WHAT THIS TASK INVOLVES:
Take the lines in the listing below from the line with "180 degrees on Interest Rate Hike’s" up to and including the line with "increase patient satisfaction" and set them down exactly, skipping pictures and adding nothing.

EXERCISE MATERIALS:
#####
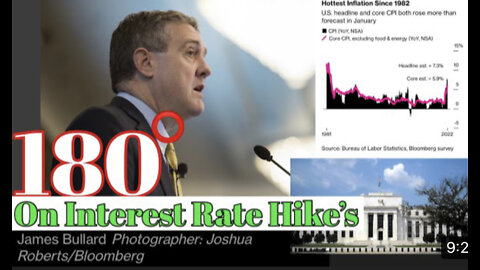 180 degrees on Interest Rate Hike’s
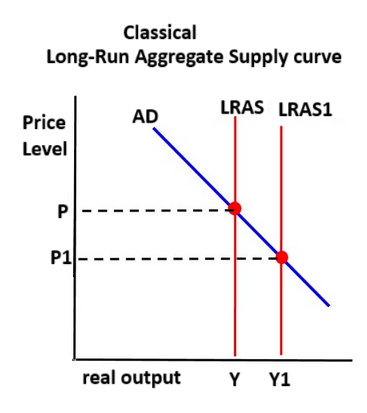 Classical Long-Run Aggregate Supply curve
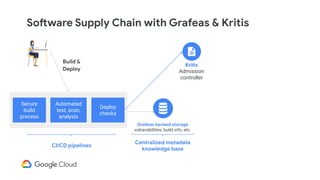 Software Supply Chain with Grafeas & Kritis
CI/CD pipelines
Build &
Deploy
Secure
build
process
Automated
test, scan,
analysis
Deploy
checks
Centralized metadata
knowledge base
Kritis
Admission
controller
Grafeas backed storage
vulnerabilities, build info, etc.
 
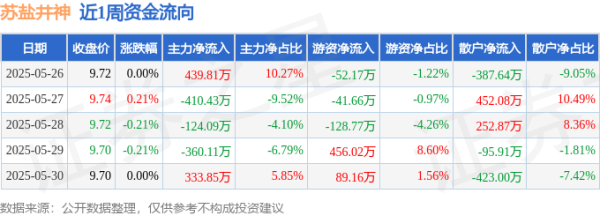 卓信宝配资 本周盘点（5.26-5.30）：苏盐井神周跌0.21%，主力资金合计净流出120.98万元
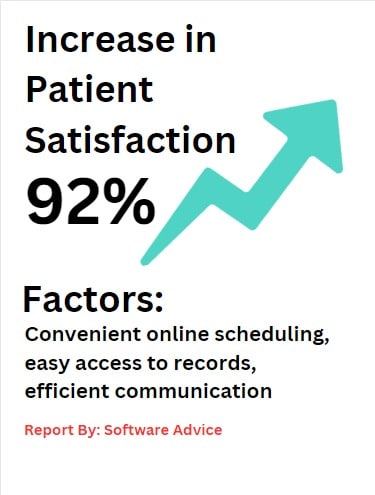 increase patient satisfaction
#####
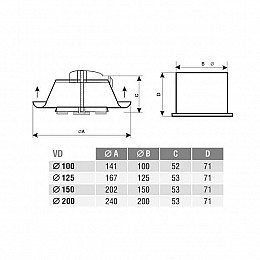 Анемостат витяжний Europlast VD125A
#####
ANSWER SPACE:
 180 degrees on Interest Rate Hike’s
 Classical Long-Run Aggregate Supply curve
 Software Supply Chain with Grafeas & Kritis
CI/CD pipelines
Build &
Deploy
Secure
build
process
Automated
test, scan,
analysis
Deploy
checks
Centralized metadata
knowledge base
Kritis
Admission
controller
Grafeas backed storage
vulnerabilities, build info, etc.
 
 卓信宝配资 本周盘点（5.26-5.30）：苏盐井神周跌0.21%，主力资金合计净流出120.98万元
 increase patient satisfaction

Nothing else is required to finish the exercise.